彼がプロデュースしたミュージシャンをざっと挙げてみると、まずファッツ・ドミノ、シャーリー&リー、アール・キング、ロイド・プライス、スマイリー・ルイス、クリス・ケナー、フランキー・フォード、ロバート・パーカーともう錚々たるニューオリンズのミュージシャンが出てきます。
まずはデイヴ・バーソロミューがプロデュースして最も売れたこの人、ファッツ・ドミノ
曲名がThe Fat Manですから「太った男」ですが、「オレはみんなに太っちょと呼ばれて、200ポンドあるけどこの界隈の女の子にはモテモテなんよ。ランポートとカナルストリートの角でクレオールの可愛い女の子を眺めてる」
ファッツ・ドミノのファッツも太っちょというあだ名ですが、太っちょのドミノが歌う太っちょ男です。
1.The Fat Man/Fats Domino
この曲はファッツ・ドミノの1949年12月リリースのデビュー曲でデイヴ・バーソロミーがファッツをプロデュースした最初の曲でもあります。この曲がすぐR&Bチャートの2位まであがります。
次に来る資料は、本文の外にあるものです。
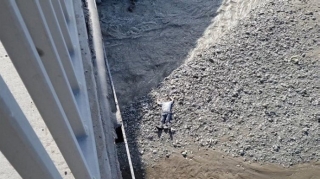 Göyçay sakini özünü körpüdən çaya atıb  - FOTO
この曲はそれまで流行っていたビートとは違うグルーヴを出した画期的な曲で、ドラムを担当したアール・パーマーはいわゆる「バック・ビート」を最初に打ち出したのはこの曲だと言ってます。だからR&Bだけでなく、のちのポピュラー・ミュージック全体に広がっていくバック・ビートの最初の曲としてこれは非常に重要です。
いまアール・パーマーの名前を出しましたが、この頃バーソロミューが自分のバンド「デイヴ・バーソロミュー・オーケストラ」に集めたニューオリンズの優れたミュージシャンが、ウッド・ベースがフランク・フィールズ、アーネスト・マクリーンがギター、サックスのアルヴィン・レッド・タイラー、リー・アレン、それにトランペットのデイヴ・バーソロミュー、そしてこの曲のピアノと歌がファッツ・ドミノ。
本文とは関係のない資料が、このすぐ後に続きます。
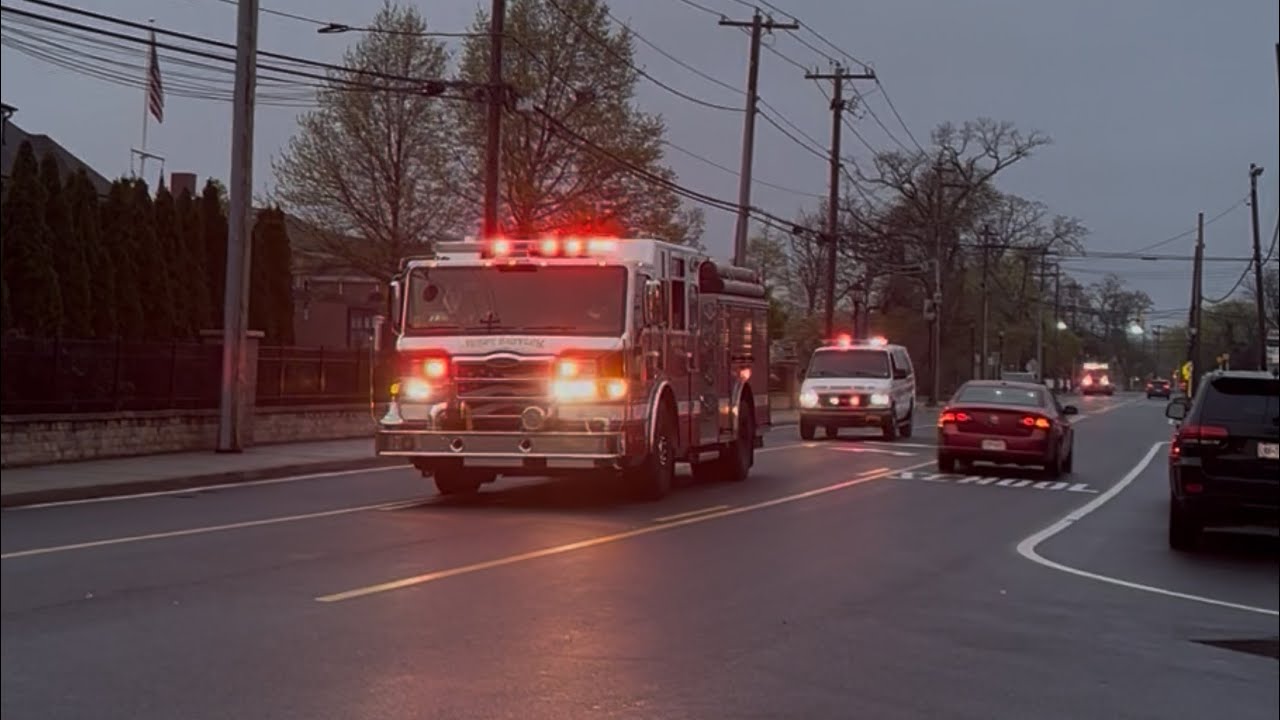 Major Fire Truck Response to a Working House Fire in North Babylon NY 4/26/25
レコーディングに関して一般のリスナーがプロデューサーというのを意識したのは、たぶん70年代に入ってからだと思います。音楽関係者の間では60年代から、例えばビートルズのプロデューサーのジョージ・マーチンとかロネッツなどをプロデュースしヒット曲をたくさん送り出したフィル・スペクターだとかアトランティックレコードのジェリー・ウェクスラーの名前は取り沙汰されてましたが、レコードを買う一般のリスターは別にプロデューサーが誰であるかなんてまあどうでもいいんですよね。買ったレコードのその曲がよければいいわけで・・・。ミュージシャンのファンにはなりますが、プロデューサーのファンにはならないですよね。ところがミュージシャンにとって、レコードを作る段階においてプロデューサーはとても大切です。アルバム制作の責任者ですから、ミュージシャンの個性や音楽的な意向を考えて、しかも売れるものを作らなければいけない立場です。つまり、音楽的な知識や素養もなければいけないし、世の中でどんな音楽が好まれるかというのを知ってないと売れない。しかも少し新しいと思われるテイストを音楽に入れることも大切です。それでも確実にこれは売れると確信を持てることは少ないと思います。
40年代からデイヴ・バーソロミューは優れたミュージシャンを集めてクラブで演奏していたので、お客さんにどんな音楽が好まれるのかがわかっていたのではないでしょうか。そして、優れたミュージシャンを聞き分ける耳を彼が持っていたことがすごいと思います。あとバーソロミューは作詞作曲が出来たところも素晴らしいです。次の1955年にチャートの2位まで上がった大ヒットもバーソロミューが曲を書き、プロデュースしたものですが、これを歌ったスマイリー・ルイスはこの曲で世の中に知られるようになりました。
「出ていって長い間いなかったオマエが帰ってきてドアをノックしてる。ノックの音は聴こえてるよでもオマエは中には入れない。いま住んでるところへ帰りな」という一旦捨てられた男の意地でしょうか。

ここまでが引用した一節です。